月刊バスケットボール5月号

マシュー・アキノ(信州ブレイブウォリアーズ) - FIBAワールドカップ2023アジア地区予選Window1男子日本代表候補名鑑

©JBA

マシュー・アキノ (25) C 205/100 信州ブレイブウォリアーズ(ナショナル大学/フィリピン)
キースタッツ(Bリーグ): G=1(0) M=2:27 P=2.0 FG%=100.0% 3P%=0.0% FT%=0.0% R=2.0 A=0.0 TO=1.0 S=0.00 B=0.00

G=出場試合数(先発回数) M=出場時間 P=得点 FG%=フィールドゴール成功率 3FG%=3P成功率 FT%=フリースロー成功率 R=リバウンド数 A=アシスト TO=ターンオーバー S=スティール B=ブロック


フィリピンのセミプロリーグでプレーした後、今シーズンから信州ブレイブウォリアーズに加わったアキノは、生まれはフィリピンだが日本国籍を持っている。母方の祖母が日本人だというアキノは、フィリピンのスポーツ情報サイト『TEIBREAKER TIMES』によれば、大学時代から日本を訪れる経験をしてきたという。

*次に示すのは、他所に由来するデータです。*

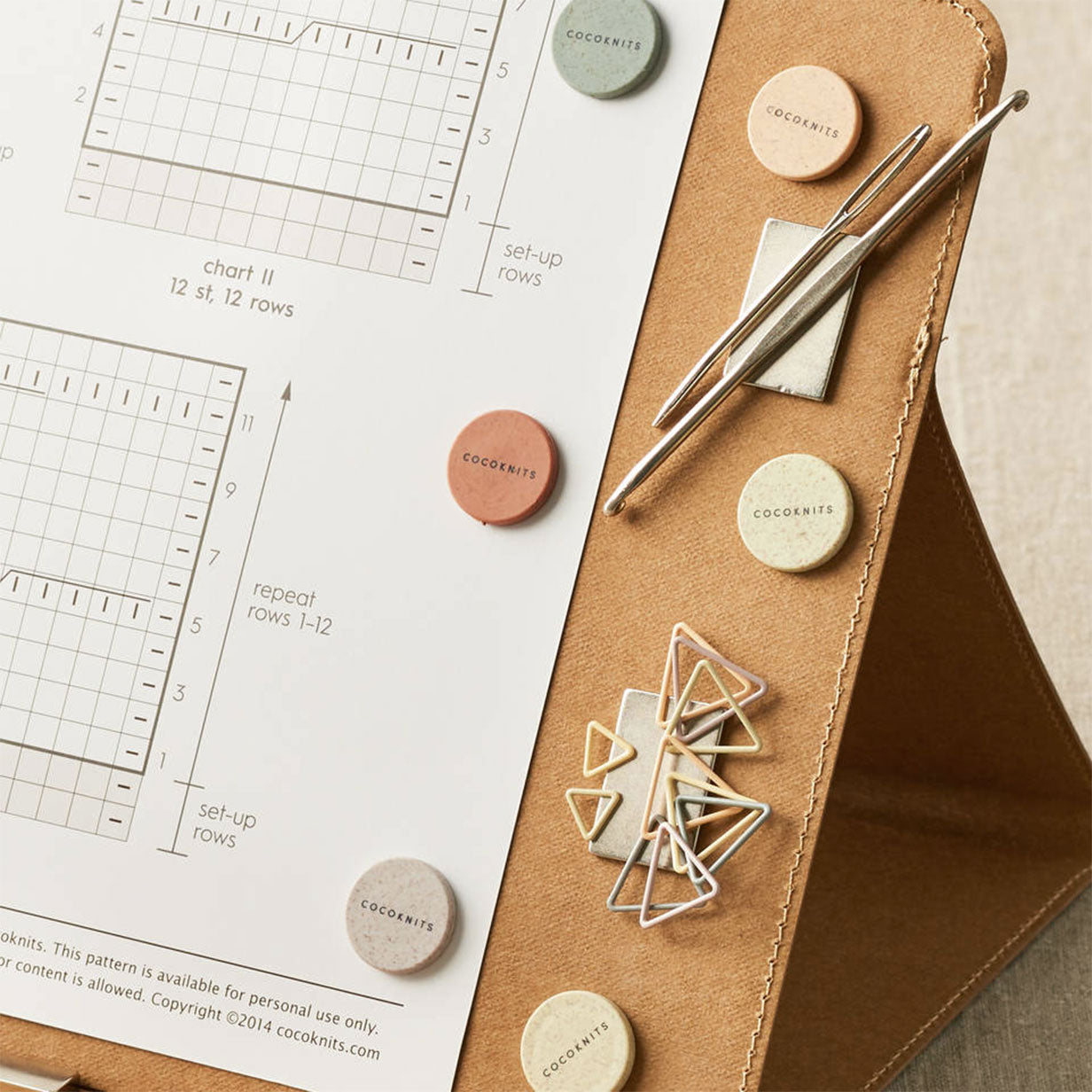 Cocoknits kraft coloured Maker's Board with colourful magnets in use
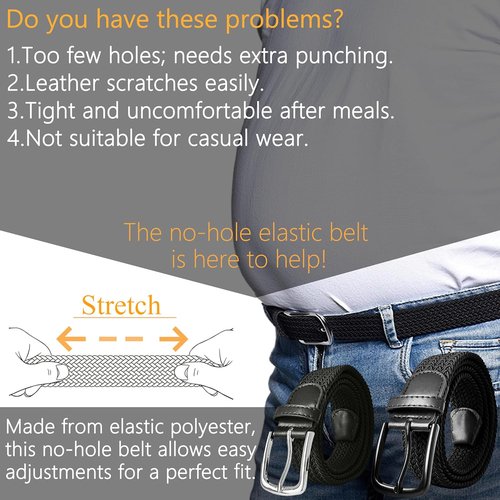 JIFANPAUL Elastic Braided Belt - Stretchable Adjustable Web Design for Men & Women | Ideal for Work & Casual Wear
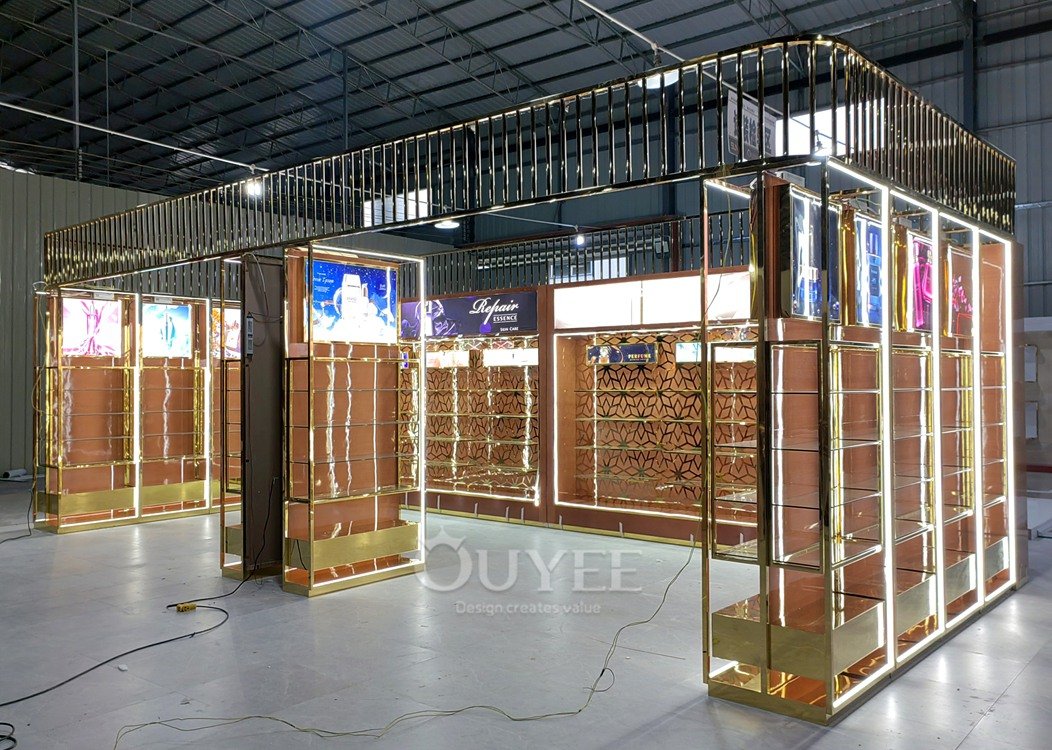 Gold Luxury Cosmetic Store Display Rack 04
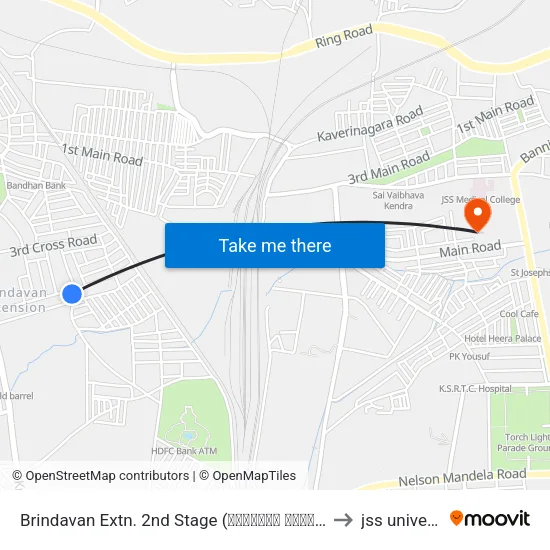 Brindavan Extn. 2nd Stage (ಬೃಂದಾವನ ಬಡಾವಣೆ 2ನೇ ಹಂತ) to jss university map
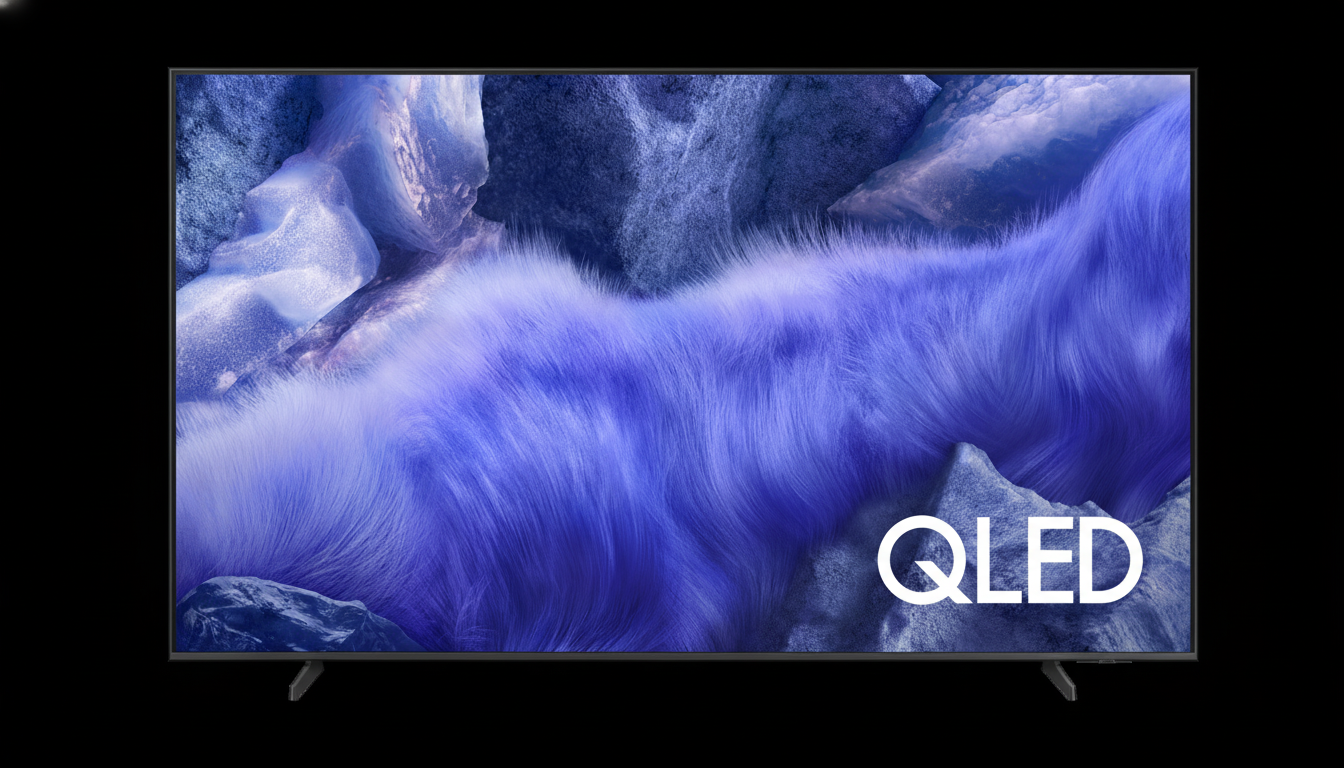 A QLED television displaying a vibrant purple and blue abstract image, set against a black background.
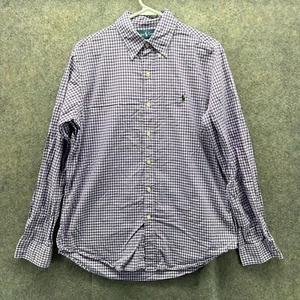 Vintage Ralph Lauren Shirt Mens Medium Purple Button Down Preppy OCBD Gingham - Picture 1 of 11
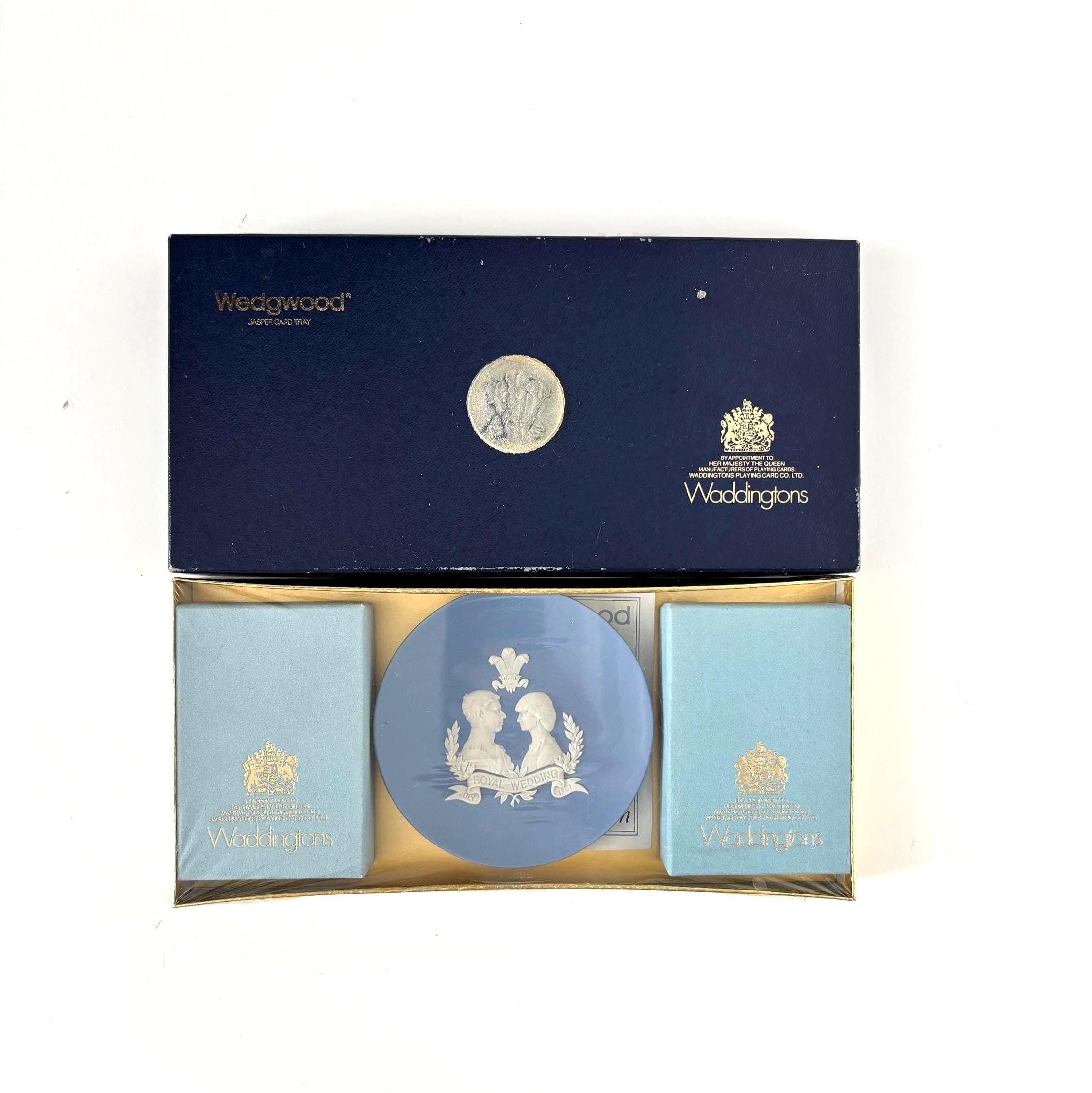 Vintage Wedgwood Jasperware Royal Wedding Card Set Waddingtons Playing Cards Boxed Charles Diana Gift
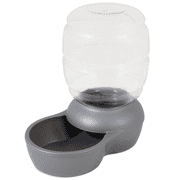 Petmate Replendish Gravity Pet Waterer with Microban for Cats and Dogs, 0.5 Gallon, Gray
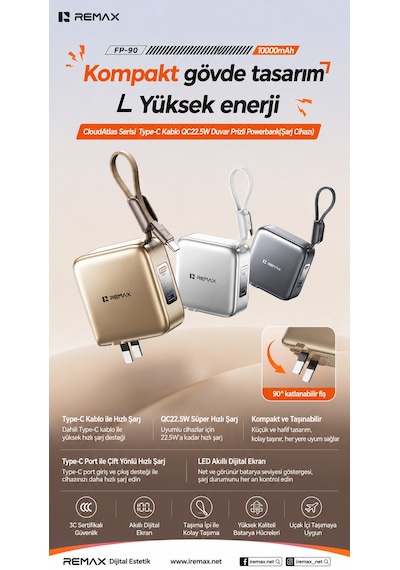 Remax Cloudatlas 10000mah 22.5w Dahili Type-c Kablolu & Katlanır Fişli Powerbank Adaptör Fp-90 Altın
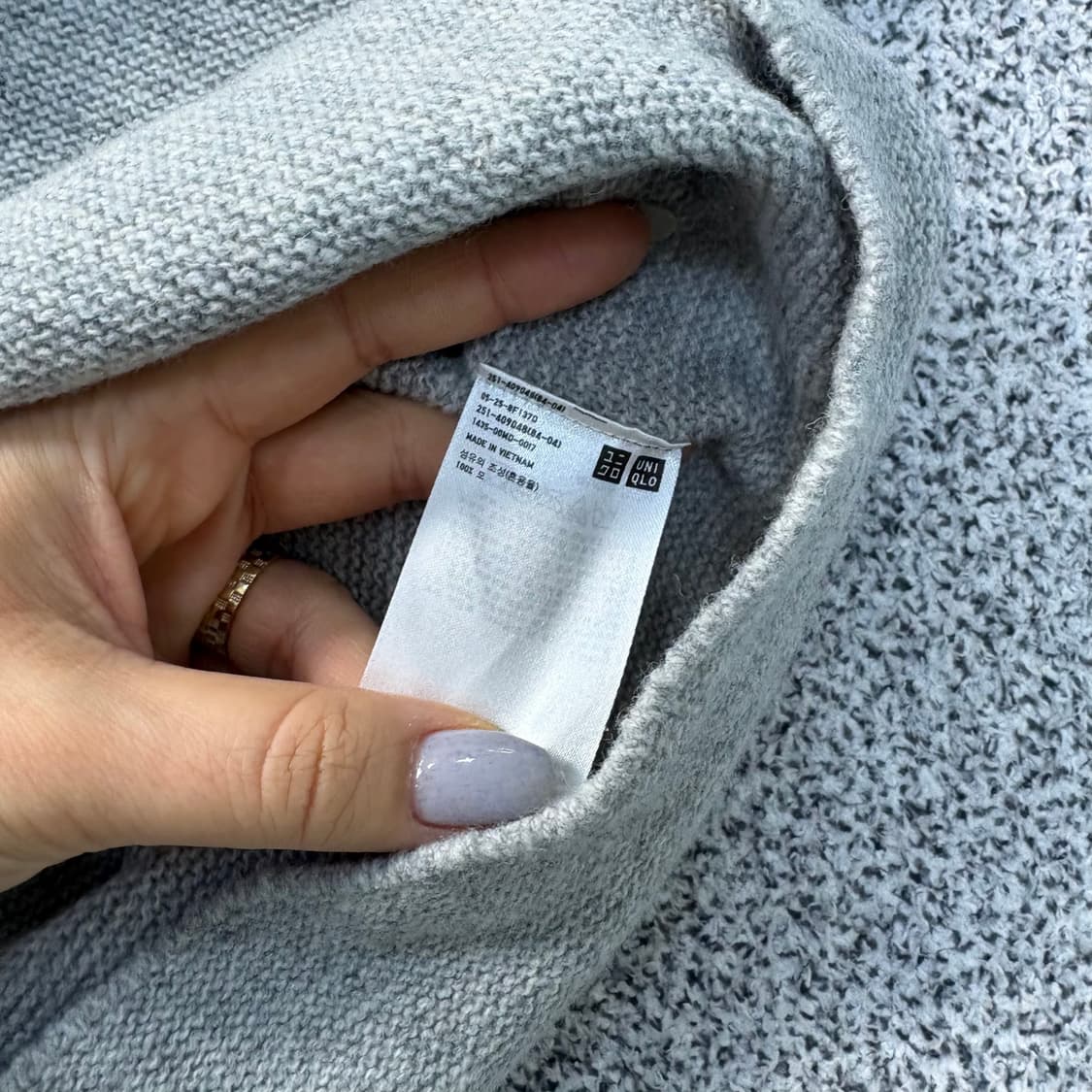 L 유니클로 울 니트 긴팔티 0309J 상품이미지4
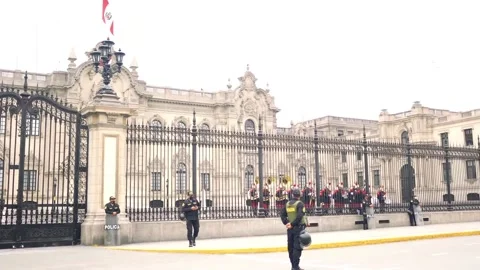 Police battalion in the main square of Lima. Main square of Lima. Video stock 194459135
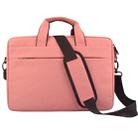 Breathable Wear-resistant Thin and Light Fashion Shoulder Handheld Zipper Laptop Bag with Shoulder Strap, For 15.6 inch and Below Macbook, Samsung, Lenovo, Sony, DELL Alienware, CHUWI, ASUS, HP (Pink) - 1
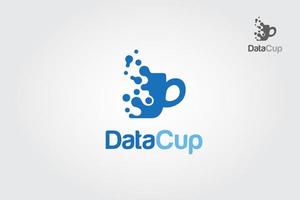 modèle de logo vectoriel de coupe de données. bon logo pour la tasse de données. un logo simple et efficace pour une entreprise de marketing internet, statistique ou analytique.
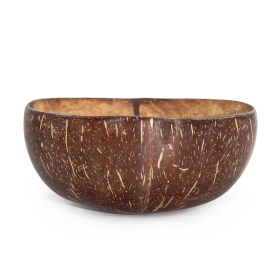 5x Med Natural Coconut Bowl - Polished - Craft Use - 6x13cm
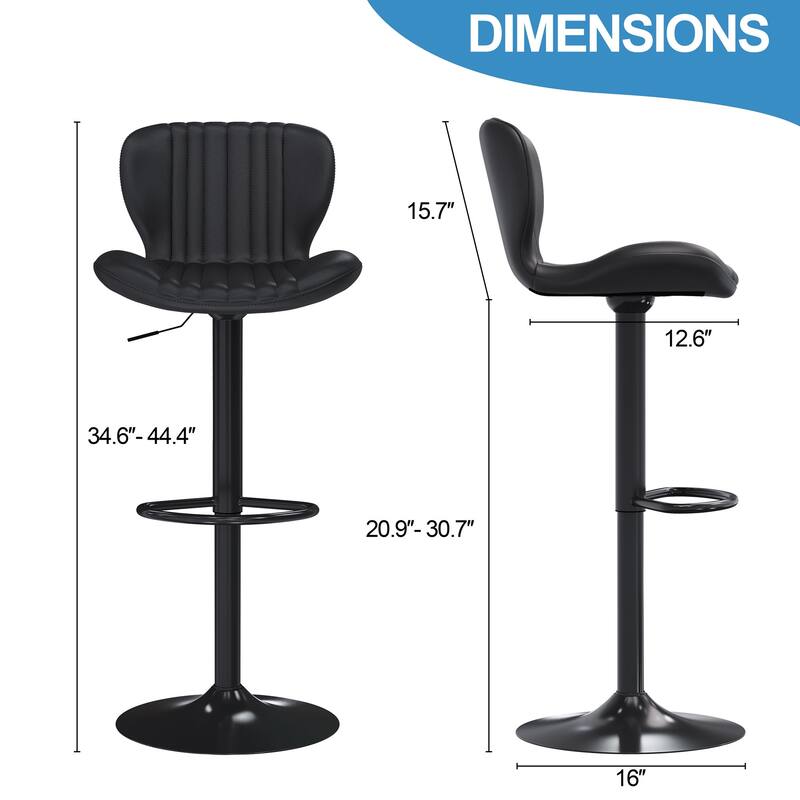 Scallop Swivel Bar Stool Set with Height-adjustable Seat - N/A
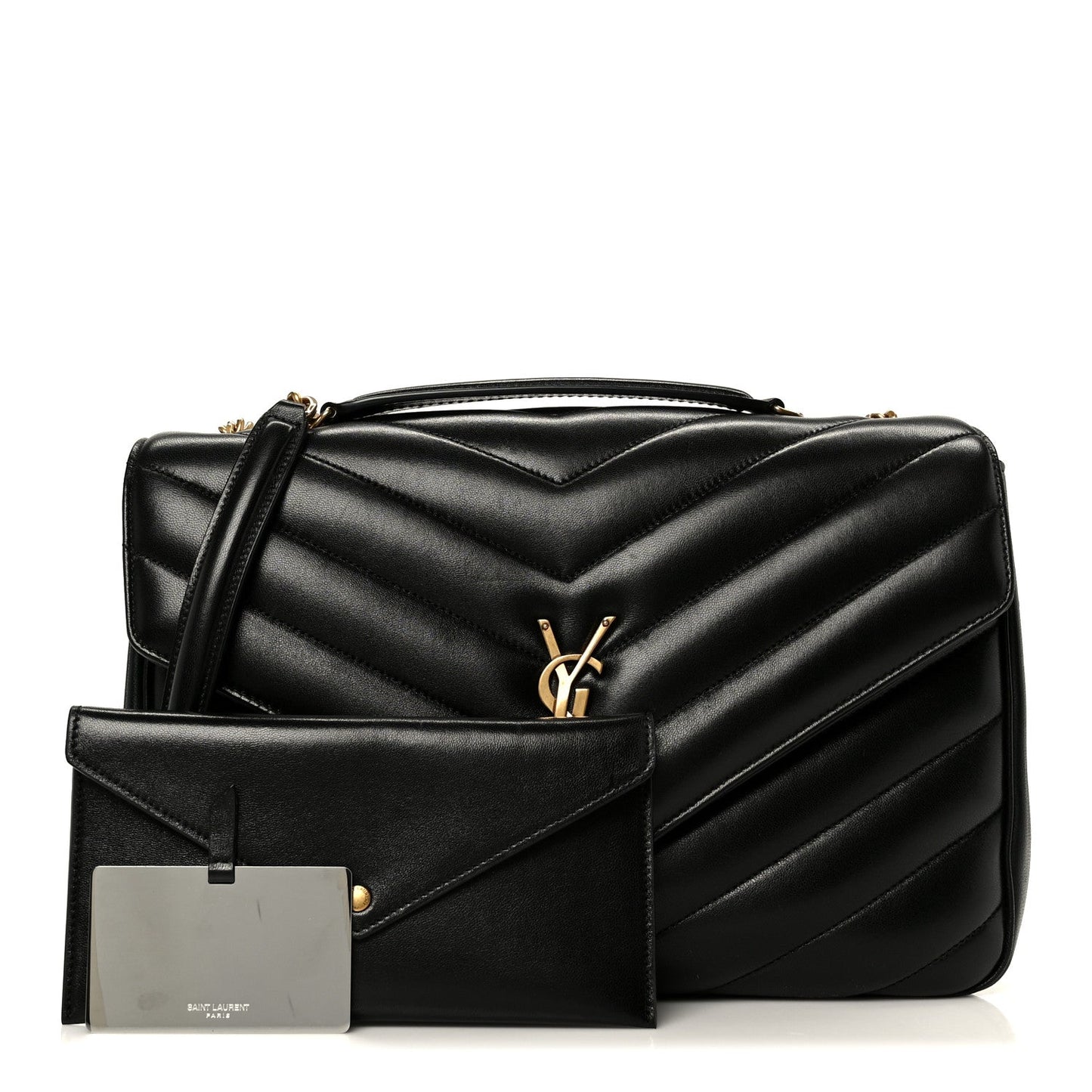 Saint Laurent Lambskin Chevron Quilted Large LouLou Shoulder Bag Black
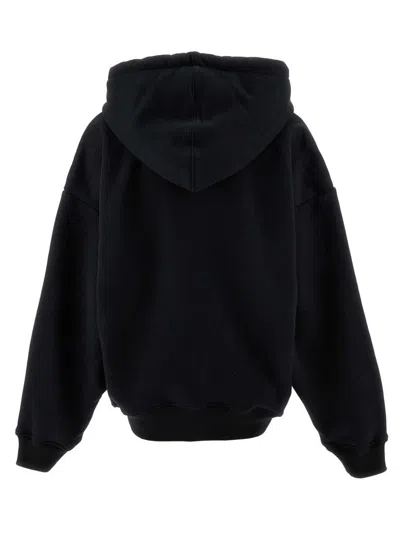 Off-white Stamped Drawstring Hoodie With Kangaroo Pocket In Black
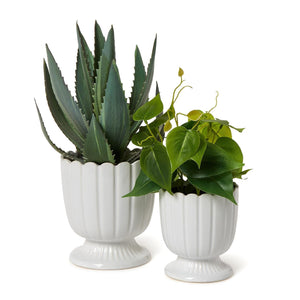 Set of 2 Scalloped Edge Planters Includes 2 Sizes | Two's Company - 55440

日本国籍を持つアキノは、実力を認められさえすれば帰化申請の必要なく日本代表入りが可能な立場。しかし、今回の招集がわかった当初は、それまでフィリピンでの代表入りを念頭に置いていた(ただし、FIBAワールドカップ2023がフィリピンで開催されることを知らなかった)こともあり、受けるべきか躊躇があったそうだ。最終的には、プロバスケットボール・プレーヤーだった父親マーロウにも相談して、今回の招集を受ける決心をした。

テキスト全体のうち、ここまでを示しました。